雇用保険などの社会保障費の支払いといった、労働法の規制から免かれるためだけに、企業が従業員を個人事業主に転換する新たな手法を編み出すとすれば、社会的に問題となるケースもあります。
代表的なものとしては「偽装請負(偽装雇用)」が挙げられます。請負契約において、注文会社は仕事の完成を求めることができますが、請負会社の労働者に対して直接業務上の指示をすることはできません。

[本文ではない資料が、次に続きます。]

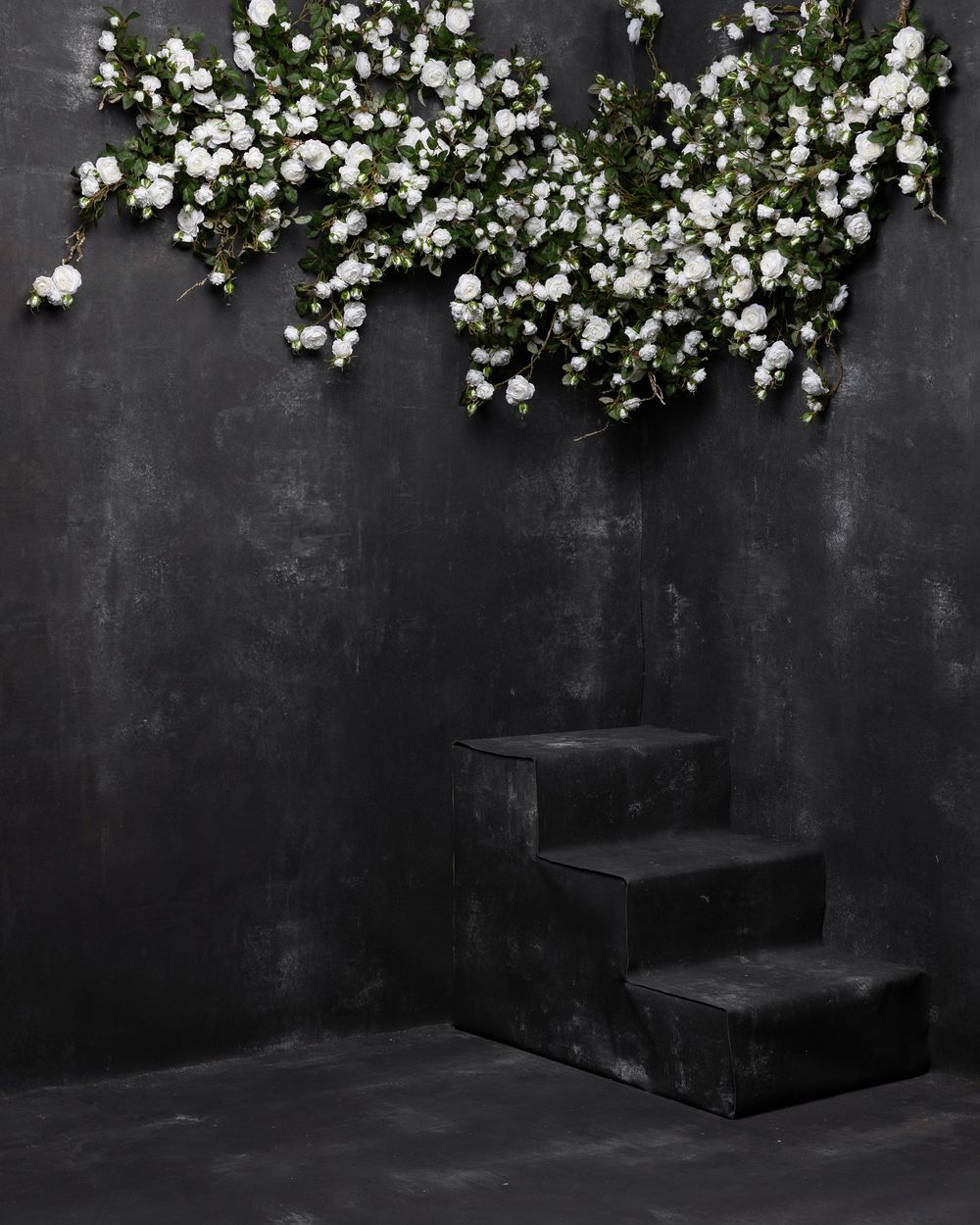 White flowers cascade over a dark wall above black wooden steps in a moody, minimalist setting.
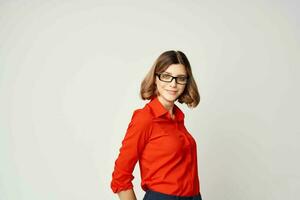 Business woman in red shirt emotions posing light background photo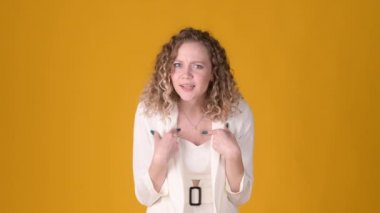 Sarışın, beyaz bir kadın sarı stüdyo arka planında izole edilmiş 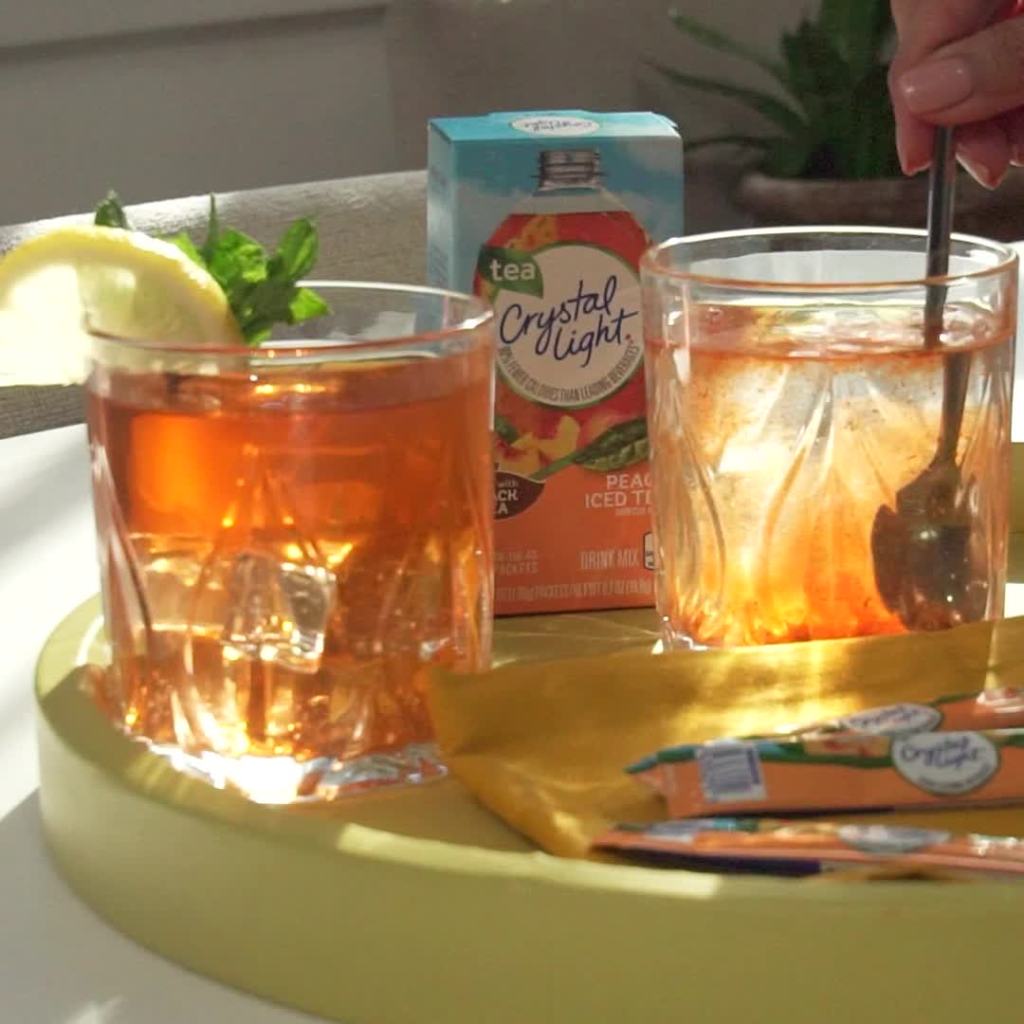 thumbnail video image 2 of Crystal Light Drink Mix, 16 Pitcher Packets, for Flavorful Hydration and Shareable Refreshment, Artificially Flavored Peach Iced Tea, Made with Black Tea, 4.55 oz, 2 of 16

しかし、請負だと偽装して、注文会社が請負会社の労働者に、業務上の指示をしている場合があります。これが偽装請負です。請負が、実質的に労働者派遣に当たると判断されたときは、注文会社などは、労働者派遣法(労働者派遣事業の適正な運営の確保及び派遣労働者の保護等に関する法律)などに基づき、罰則や行政処分が適用される可能性があります。

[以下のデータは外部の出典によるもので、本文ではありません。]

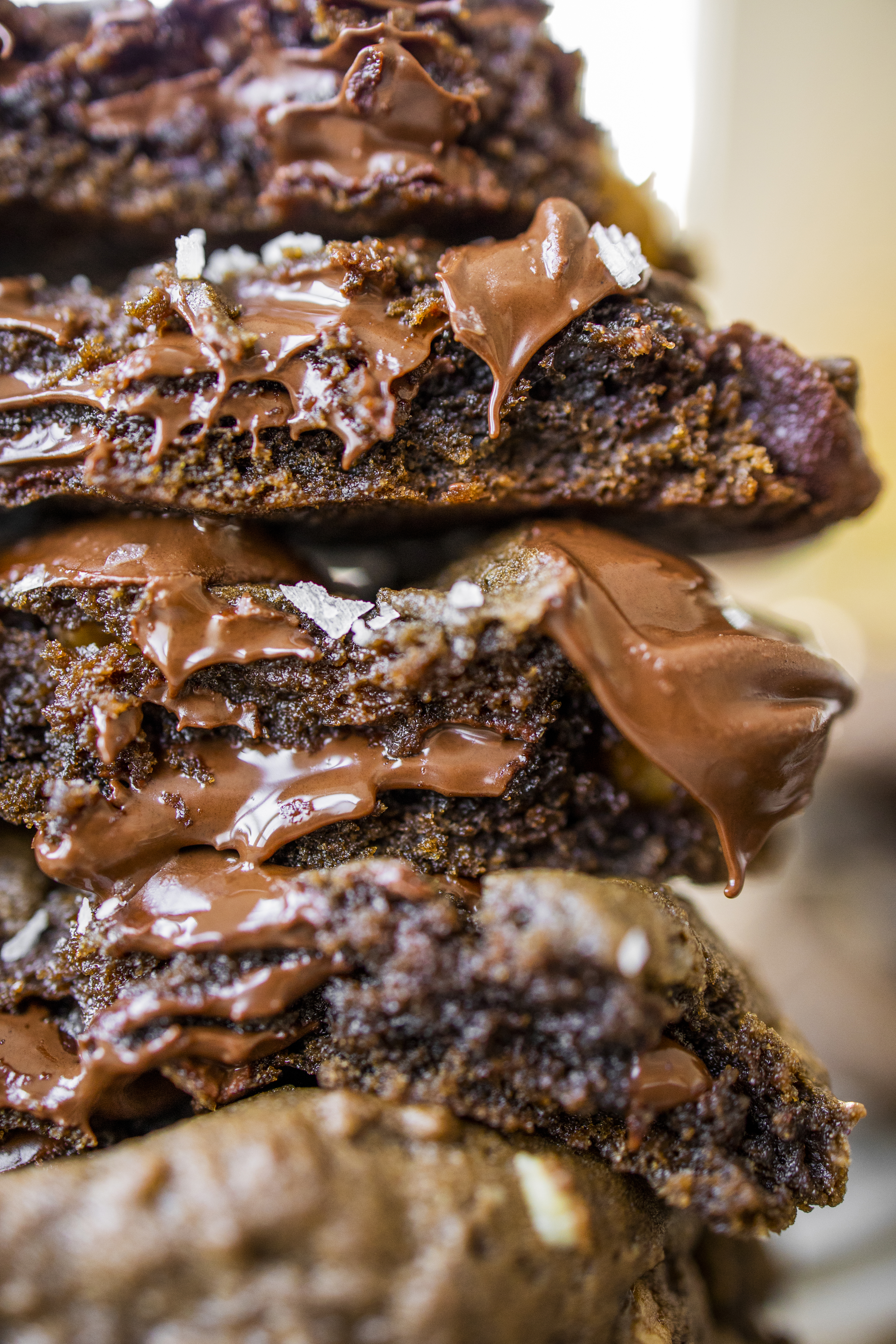 melty stack of vegan double chocolate chip cookies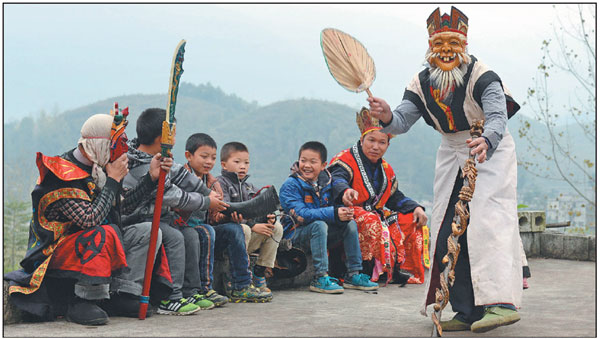 Guizhou artisan strikes gold making faces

このように、本来は労働者として扱うべきならば、個人事業主として扱うことはできないので、実態がどうなっているのか?が問題となります。
タニタや電通でも進む「従業員の個人事業主化」弁護士が語る導入の注意点 | BizHint(ビズヒント)- クラウド活用と生産性向上の専門サイト
このような基礎的な労働規制の知識すらなく、労働規制に関するアイデアを募集し審査し、大賞を決めることを1省庁・1大臣がやっていることは、政権としての姿勢の問題にも繋がりかねない問題になるように思います。

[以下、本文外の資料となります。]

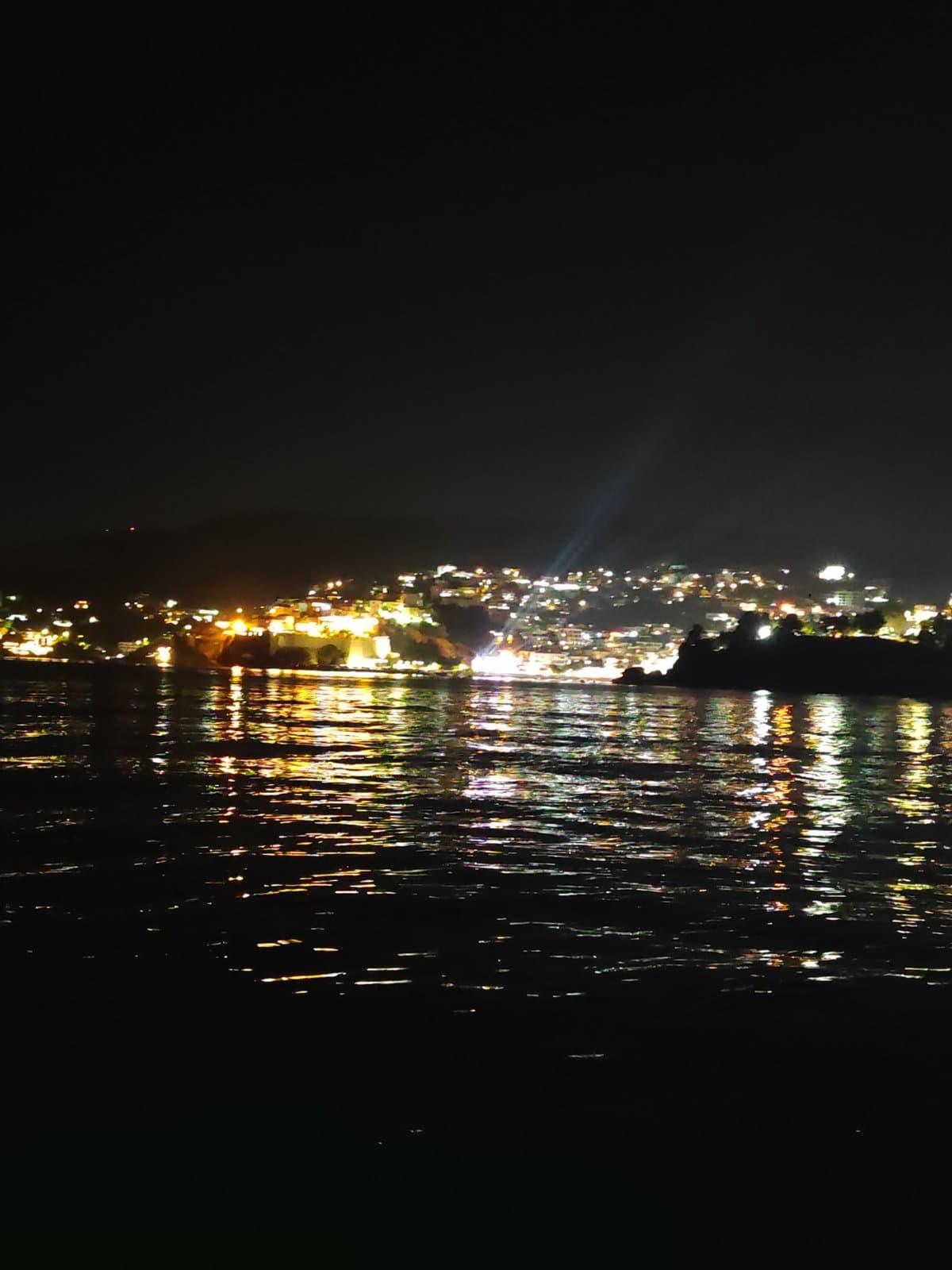 Ulqin lights reflecting across calm night water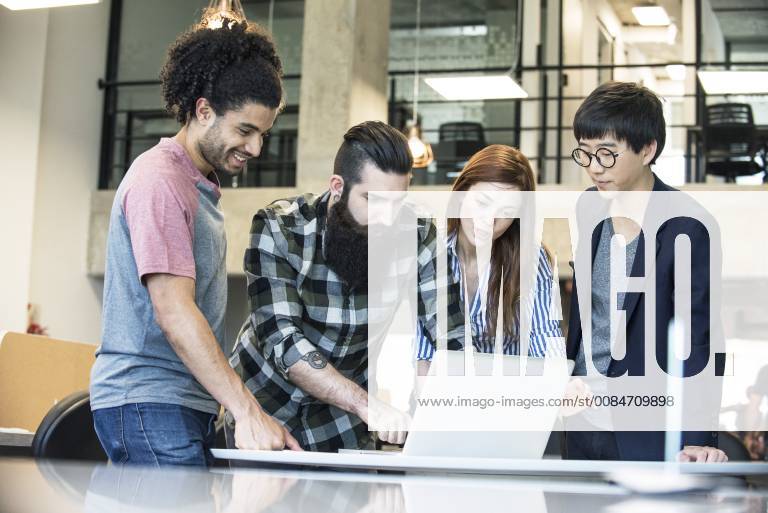 Creative colleagues working together on laptop computer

内閣府が全職員を対象に開いた賃上げに関する政策コンペで「残業の業務を従業員が個人事業主としてこなし、手取り増を図る」という施策が優勝した。労働者性をめぐるこれまでの議論を完全に無視しており、実現可能性に疑問符が付く。厚生労働省にはぜひ「指揮命令が必要な業務だから労働者を雇う」という基本のキを、内閣府に教授してもらいたい
【今週の視点】驚愕のアイデアが優勝飾る 残業分を業務委託?|労働新聞 今週の視点|労働新聞社
この労働新聞社の記事で「実現可能性」という言葉が出ているのですが、内閣府は今回のコンテストの評価基準として「アイデアの新規性や詳細度、実現可能性からの評価」と書いていたのです。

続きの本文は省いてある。